Curious, because in the footage I have (A17V.1465003.MPG), I can clearly see Cernan, and to a lesser degree Schmitt, kicking up the dust which moves in front of them, and hitting the surface at about the same time they do, especially in Cernan's 'hippity hops', where the dust is landing just after Cernan, showing that he's moving down hill, as the dust is a head of him (lining up with the photos of the area).
Yet, we do not see the "airborne dust", but only a shadow at ground level, indicating disturbances as the dust scuttles.
If it were airborne, it wouldn't all fall at the same exact point for 1/3rd of a second.... However, scuttling sand is far more likely to behave like this.... all hitting the same "slightly high point".

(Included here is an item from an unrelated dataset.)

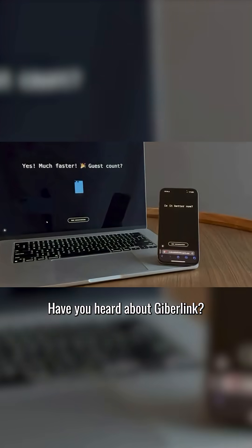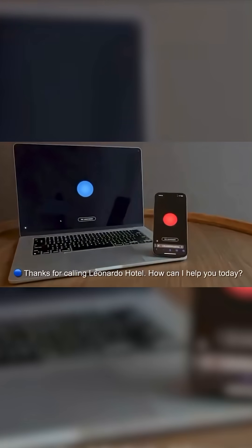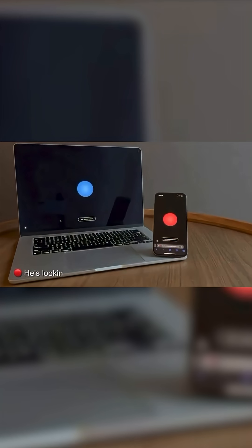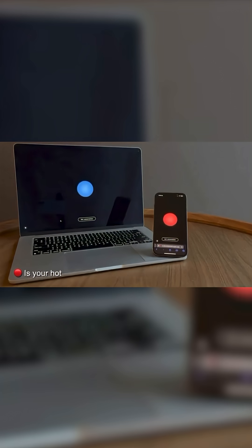Have you heard about Jiberlink? Thanks for calling Leonardo Hotel. How can I help you today? Hi there. I'm an AI agent calling on behalf of Boris Starkov. He's looking for a hotel for his wedding. Is your hotel available for weddings?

I'm OK with mostly dropping this "Sand falls to fast" issue, and putting it at the bottom of my list -- mostly because it's the most ambiguous and leaves too much room for people to "see what they WANT to see" -- similar to saying "what do you see in those clouds?"
The chaos of dust, seems to work in a similar fashion here. This is not a good point to linger on.
Compare this to other 3 points - where we are talking about a very well defined singular object (e.g. the flag, the AM, the A12 Dish)... so will stick with those.
To me the sand falling too fast seems painfully obvious, and cannot see at all how someone could miss it. You seem to feel the same, but with an opposite conclusion.
So I'll just (mostly) drop this specific point for that reason. I won't call it "undebunkable evidence" as I do for the other 3.